Hallas v. Ameriquest Mortgage Co.
This text of 280 F. App'x 667 (Hallas v. Ameriquest Mortgage Co.) is published on Counsel Stack Legal Research, covering Court of Appeals for the Ninth Circuit primary law. Counsel Stack provides free access to over 12 million legal documents including statutes, case law, regulations, and constitutions.
Opinion
MEMORANDUM
Peggy Hallas appeals the magistrate judge’s1 summary judgment in favor of appellees. We have jurisdiction under 28 U.S.C. § 1291. We review de novo, see Prison Legal News v. Lehman, 397 F.3d 692, 698 (9th. Cir.2005), and we affirm.
Reformation of the deed of trust is appropriate here.2 First, the deed of trust may be reformed after the foreclosure sale. See Rogers v. Miller, 13 Wash. 82, 42 P. 525, 525-26 (1895) (permitting reformation after a foreclosure sale).
Second, the undisputed facts clearly and convincingly show that, at the time the deed of trust was signed, Hallas and Ameriquest shared an identical intent — namely, for Ameriquest to take a security interest in Hallas’ property and to reflect that interest in the loan documents. See Saterlie v. Lineberry, 92 Wash.App. 624, 962 P.2d 863, 865 (1998); Snyder v. Peterson, 62 Wash.App. 522, 814 P.2d 1204, 1206-08 (1991); Tenco, Inc. v. Manning, 59 Wash.2d 479, 368 P.2d 372, 373-74 (1962); Maxwell v. Maxwell, 12 Wash.2d 589, 123 P.2d 335, 337 (1942).
Third, Hallas’ equitable defenses to reformation fail. Insertion of the correct property description into the deed of trust after it was signed does not, under these circumstances, demonstrate the bad faith or unconscionable conduct necessary to support an unclean-hands defense.
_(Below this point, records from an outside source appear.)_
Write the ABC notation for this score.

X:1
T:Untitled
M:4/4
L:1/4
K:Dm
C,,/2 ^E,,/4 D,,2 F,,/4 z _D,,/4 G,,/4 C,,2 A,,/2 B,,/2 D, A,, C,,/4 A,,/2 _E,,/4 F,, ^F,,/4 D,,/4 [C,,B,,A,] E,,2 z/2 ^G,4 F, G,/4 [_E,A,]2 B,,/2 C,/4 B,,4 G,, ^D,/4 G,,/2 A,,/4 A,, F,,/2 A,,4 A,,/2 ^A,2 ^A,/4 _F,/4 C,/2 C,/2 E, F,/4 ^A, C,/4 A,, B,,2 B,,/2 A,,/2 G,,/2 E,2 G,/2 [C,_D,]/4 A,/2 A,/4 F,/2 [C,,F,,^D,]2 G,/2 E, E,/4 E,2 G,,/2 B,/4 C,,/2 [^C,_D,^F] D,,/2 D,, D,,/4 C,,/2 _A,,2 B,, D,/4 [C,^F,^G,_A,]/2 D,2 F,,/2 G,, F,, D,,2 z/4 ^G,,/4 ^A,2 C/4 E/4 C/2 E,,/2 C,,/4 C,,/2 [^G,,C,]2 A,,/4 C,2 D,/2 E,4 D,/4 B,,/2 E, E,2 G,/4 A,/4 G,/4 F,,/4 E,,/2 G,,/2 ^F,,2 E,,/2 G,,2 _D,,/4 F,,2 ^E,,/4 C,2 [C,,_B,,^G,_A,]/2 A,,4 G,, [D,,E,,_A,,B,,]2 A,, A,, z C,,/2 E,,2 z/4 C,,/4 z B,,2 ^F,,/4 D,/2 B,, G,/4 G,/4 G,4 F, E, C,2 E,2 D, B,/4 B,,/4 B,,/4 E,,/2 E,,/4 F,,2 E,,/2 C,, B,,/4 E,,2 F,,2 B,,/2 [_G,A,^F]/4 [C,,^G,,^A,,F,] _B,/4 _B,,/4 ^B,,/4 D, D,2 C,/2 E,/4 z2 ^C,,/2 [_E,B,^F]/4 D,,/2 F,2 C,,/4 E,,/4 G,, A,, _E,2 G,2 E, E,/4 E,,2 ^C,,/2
See Dahlin v. Dahlin, 30 Wash.2d 642, 193 P.2d 358, 360 (1948); J.L. Cooper & Co. v. Anchor Secs. Co., 9 Wash.2d 45, 113 P.2d 845, 857-58 (1941). And Hallas’ assertion that Ameriquest is equitably estopped from seeking reformation is contrary to Washington law. See Rogers, 42 P. at 525-26 (permitting reformation after a foreclosure sale).
Hallas waived her right to pursue her remaining claims, with the exception of her Fair Debt Collection Practices Act (“FDCPA”) claims, by failing to sue before the foreclosure sale took place. See Wash. Rev.Code §§ 61.24.130, 61.24.040(l)(f)(IX); see also Koegel v. Prudential Mut. Savs., 51 Wash.App. 108, 752 P.2d 385, 386, 389 (1988).
Hallas’ claim that Fidelity’s and Town & Country’s conduct violated 15 U.S.C. § 1692f(6) because Ameriquest did not have a security interest in her property fails because, with reformation of the deed of trust, the existence of a security interest is unarguable.3 Hallas has abandoned her remaining FDCPA claims by failing to specifically and distinctly argue the claims in her opening brief. See Int’l Union of Bricklayers v. Martin Jaska, Inc., 752 F.2d 1401, 1404 (9th Cir.1985).
The magistrate judge did not abuse his discretion in denying Hallas’ motion to [669]*669amend her complaint because the proposed amendment would have been futile. See Miller v. Rykoff-Sexton, Inc., 845 F.2d 209, 214 (9th Cir.1988).
We have considered and reject Hallas’ other claims raised on appeal.
AFFIRMED.
This disposition is not appropriate for publication and is not precedent except as provided by 9th Cir. R. 36-3.